BAE Systems Land Systems leads the FRES bid. Managing director Andrew Davies comments: “This team, and the know-how within our existing supplier base, can provide the British Army with a vital asset while giving the taxpayer value for money and ensuring the retention of key UK skills for the continued support and upgrade of all the British Army's in-service fleet of vehicles. We can also draw upon the global resources of BAE Systems, the world’s largest land systems company.”
“As the UK Defence Industrial Strategy states, and recent operational experience demonstrates, retention of key skills in the UK is vital if the front line is to be assured of receiving the service it needs. Over the past 18 months BAE Systems and its partners have responded on time to more than 80 Urgent Operational Requirements under which we have modified existing vehicles to meet new threats to our troops. These are some of the skills, resources and experience we would bring to FRES.”

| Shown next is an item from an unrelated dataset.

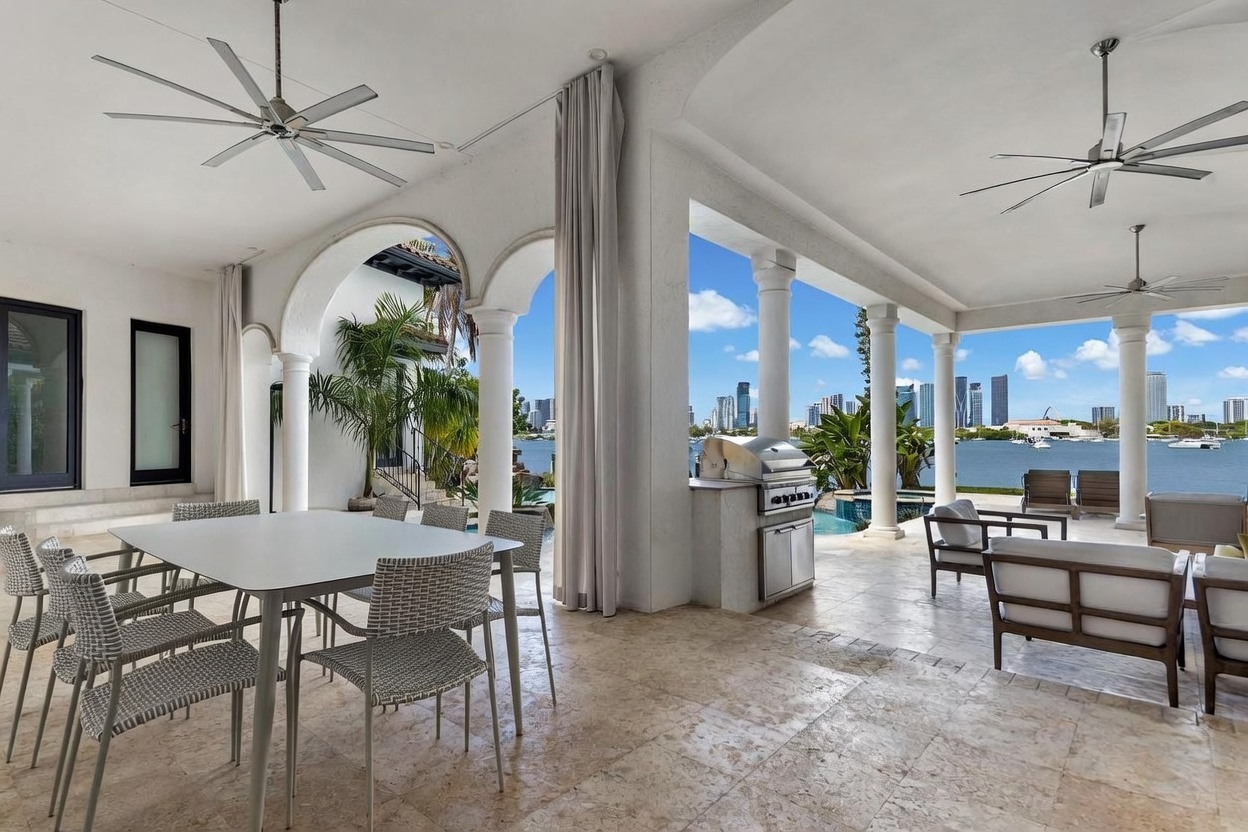 This expansive covered patio offers a luxurious outdoor living space with stone flooring and multiple ceiling fans. The area features a dining set, a built-in outdoor grill station, and comfortable lounge seating, all overlooking a waterfront view with a city skyline in the distance. The open-air design, framed by elegant columns and arches, creates a seamless transition between the indoor and outdoor environments.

“QinetiQ is delighted to be part of this team which collectively possesses the necessary credentials to deliver such an important element of the FRES programme,” added Clive Richardson COO of QinetiQ’s EMEA operation. “Focussing on the needs of our armed forces is a top priority for QinetiQ. Therefore, being part of the FRES Utility Vehicle Integrator programme would present QinetiQ with an ideal opportunity to demonstrate pull through of its know-how, developed over many years in delivering MODs cutting edge research programmes that have shaped and underpin its current capabilities.”
FRES is worth up to £16bn for the acquisition phase. It will provide the British Army with up to 17 vehicle variants in five families for a wide range of battlefield tasks. These vehicles will be heavily protected but light enough to be deployed by air. More at: baesystems.com/fres
QinetiQ, from its Farnborough operation, would bring to bear expertise in survivability trades, ergonomics, whole-life costing, and assessment and management of emerging technologies to support sustainment of capability through life and lead on a number of key programme aspects, delivered in conjunction with team members. To date its work on FRES includes electronic architecture, local situation awareness, electric armour and long gap crossing technology demonstrator programmes.
The other Team members would deliver the following aspects of the FRES programme:
BAE Systems Land Systems would lead the delivery of the Utility Vehicle family programme and act as UK design authority through life in an alliance structure headed by the MoD. It would transition offshore manufacture to the UK and carry out final assembly, integration and test of the vehicles at its Newcastle plant. Its Leicester site would lead engineering work, with support activity at Telford. It has designed, manufactured and supported more than 95 per cent of the UK armoured fighting vehicle fleet and will bring this know-how to the FRES programme. It is in the middle of a £60m transformation of its vehicle engineering, manufacturing, support, training and supply operations, primarily to ensure timely delivery of the FRES programme.
BAE Systems Integrated Systems Technologies (Insyte) has already worked on electronic architecture for FRES. It would harness its expertise in training system integration, crew station design, electronic architecture and Bowman integration, at sites including Dunfermline and Frimley.
Cranfield University, based at the Defence Academy of the UK, Shrivenham, has been active within the FRES project since its inception on electronics architecture, systems engineering support, military requirements, trials support and planning. It would analyse supportability trade-offs and how the FRES Utility vehicle integrates with other FRES roles and the wider force.
GE Aviation would provide detailed knowledge of vehicle health and usage monitoring systems (HUMS), integrated computing, vehicle power management, crew station displays and controls and software management. The work would be performed by the Systems division of GE Aviation in Cheltenham and Eastleigh.
SAIC (Science Applications International Corporation) would bring proven programme management, and complex systems engineering, including unique tools and processes to the team. SAIC plays a significant role in the US Future Combat System programme and would bring similar expertise to bear for FRES. SAIC has key leadership positions within the team.
SELEX S&AS, a Finmeccanica company, would provide its expertise in the provision of integrated situation awareness, surveillance, target acquisition and survivability. This, together with the understanding gained from its investment in armoured fighting vehicle electronic architecture development, would be drawn from its facilities at Basildon, Luton, Edinburgh and Southampton.